• PROMPT
Extract exactly and only the lines of the data below, starting at the line with "Vintage farnell et30" and stopping after the final line.

• MATERIAL SUPPLIED

══════

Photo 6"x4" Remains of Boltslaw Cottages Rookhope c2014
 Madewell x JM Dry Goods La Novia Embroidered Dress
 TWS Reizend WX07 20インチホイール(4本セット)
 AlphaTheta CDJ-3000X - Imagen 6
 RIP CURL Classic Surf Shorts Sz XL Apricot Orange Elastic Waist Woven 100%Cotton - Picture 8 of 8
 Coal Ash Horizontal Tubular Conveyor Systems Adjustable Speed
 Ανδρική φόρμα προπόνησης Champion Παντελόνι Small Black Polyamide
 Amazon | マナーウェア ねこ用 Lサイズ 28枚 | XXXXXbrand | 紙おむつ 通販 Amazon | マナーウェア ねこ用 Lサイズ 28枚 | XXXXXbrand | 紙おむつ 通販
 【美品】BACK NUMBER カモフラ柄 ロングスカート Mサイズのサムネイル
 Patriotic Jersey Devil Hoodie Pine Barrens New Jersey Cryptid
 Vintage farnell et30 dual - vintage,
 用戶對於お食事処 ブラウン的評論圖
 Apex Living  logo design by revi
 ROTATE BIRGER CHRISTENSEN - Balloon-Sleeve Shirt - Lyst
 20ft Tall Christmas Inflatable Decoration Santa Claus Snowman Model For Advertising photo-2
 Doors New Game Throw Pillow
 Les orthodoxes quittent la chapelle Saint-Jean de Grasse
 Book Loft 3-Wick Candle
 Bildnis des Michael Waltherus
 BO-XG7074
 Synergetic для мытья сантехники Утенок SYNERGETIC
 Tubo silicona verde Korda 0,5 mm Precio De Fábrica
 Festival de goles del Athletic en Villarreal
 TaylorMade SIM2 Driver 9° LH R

══════

• ANSWER SPACE
 Vintage farnell et30 dual - vintage,
 用戶對於お食事処 ブラウン的評論圖
 Apex Living  logo design by revi
 ROTATE BIRGER CHRISTENSEN - Balloon-Sleeve Shirt - Lyst
 20ft Tall Christmas Inflatable Decoration Santa Claus Snowman Model For Advertising photo-2
 Doors New Game Throw Pillow
 Les orthodoxes quittent la chapelle Saint-Jean de Grasse
 Book Loft 3-Wick Candle
 Bildnis des Michael Waltherus
 BO-XG7074
 Synergetic для мытья сантехники Утенок SYNERGETIC
 Tubo silicona verde Korda 0,5 mm Precio De Fábrica
 Festival de goles del Athletic en Villarreal
 TaylorMade SIM2 Driver 9° LH R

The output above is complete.